C-Bushings, Front pinion alignment and Caster, idea...

[reamer]

Follow my train of thought, is this a derailment or an answer to my problems?

on my'73, with 2.5" lift, I currently have:

** Front pinion pointing down 6 degrees from driveshaft angle. AND
** 0.7 degrees of caster...

This tells me the pinion must go UP, while the knuckles need to go in the opposite direction to pitch the top ball joint "to the rear"

so if I install new 7 degree C-bushings UPSIDE DOWN, this will correct the pinion angle Correct?

Now I can cut the welds at the knuckles-to-tubes and rotate the knuckles 1/8" to get @5 degrees caster....

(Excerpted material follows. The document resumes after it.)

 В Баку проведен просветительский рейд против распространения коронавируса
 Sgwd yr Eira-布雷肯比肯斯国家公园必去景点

Rotating 1/8" came from...
Axle tube is 2.75" dia.. this = 8.63" circumference.
8.63"/ 360 (degrees) =0.0239" per degree.
5 x 0.0239 degrees = 11.95 degrees or between 7/64 (0.1094") and 1/8" (0.125")

Thoughts?

 

[Rustytruck]

your not taking in the original 2 degrees of castor nor allowing for the 5 degrees reversing the 7 degrees bushings you have by reversing the 7 degree bushings you are going back 5 degrees more than stock. I would huck the 7 degree bushings and use stock bushings and then rotate the C's your 5 degrees giving you the 7 degrees you want and factory pinion angle. do you have power steering if not the 7 degrees of caster will be brutal. at least that's my math, if trusting my math runs you into the moon its not my fault blame it on Mr.Castro my screwed up math teacher in high school. I am not noted for my math.

 

[jamesroney]

Well, you are BOTH wrong. And it's not bad math. Your math is fine. Your Physics (and associated assumptions) are terrible.

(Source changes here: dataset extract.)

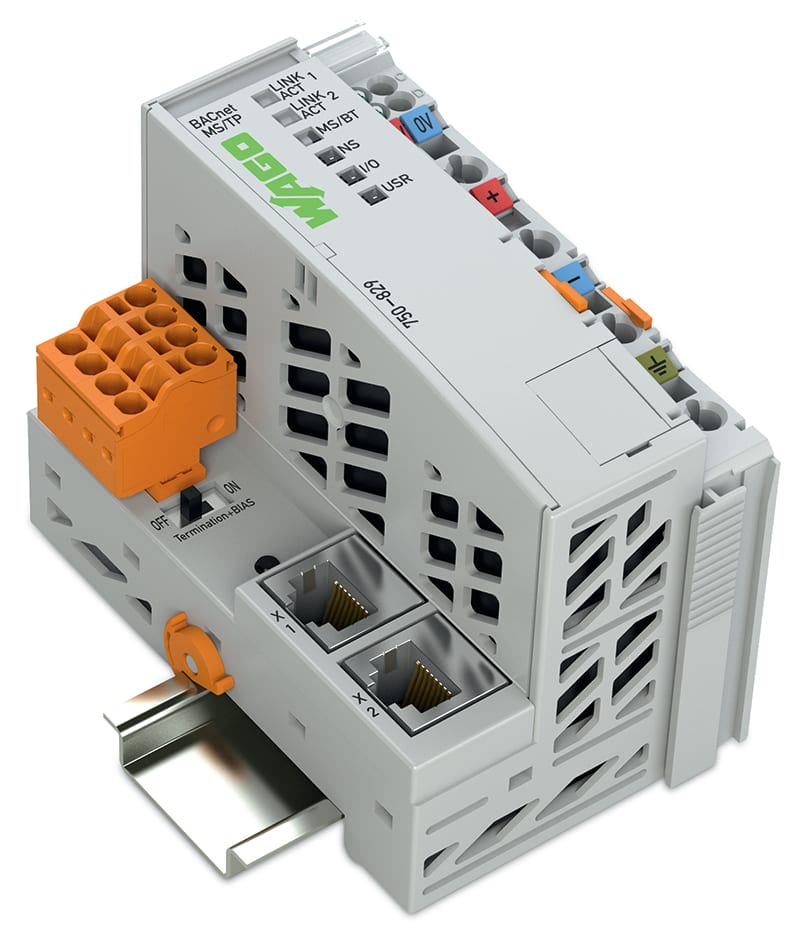 WAGO ELETTRONICA - Controllore BACnet MS/TP 750-829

Reamer...as you rotate the pinion UP, the driveshaft "steepness" decreases. So you don't need as much pinion inclination as you think. Rustytruck is correct that the stock 0 degree bushings will be closer to correct. And you left out the necessary additional rotation from the wedge angle. If you want 5 degrees of caster (and you don't) then you need 10.7 degrees of additional caster to pinion angle.

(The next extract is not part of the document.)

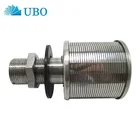 AISI 304/316 Wedge Wire Filter Nozzles Screens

Rustytruck...because Reamer used the "driveline to pinion" angle (delta = 6 degrees) and the measured caster at 0.7 degrees...he is already including the factory 2 degrees of caster into his his delta. It's a horrible way to report the measurement, because he didn't tell us what bushings he has in there TODAY. So in theory, he just needs to make up 6 degrees of pinion rotation from where he is today, AND 6.3 degrees of additional caster to get to 7.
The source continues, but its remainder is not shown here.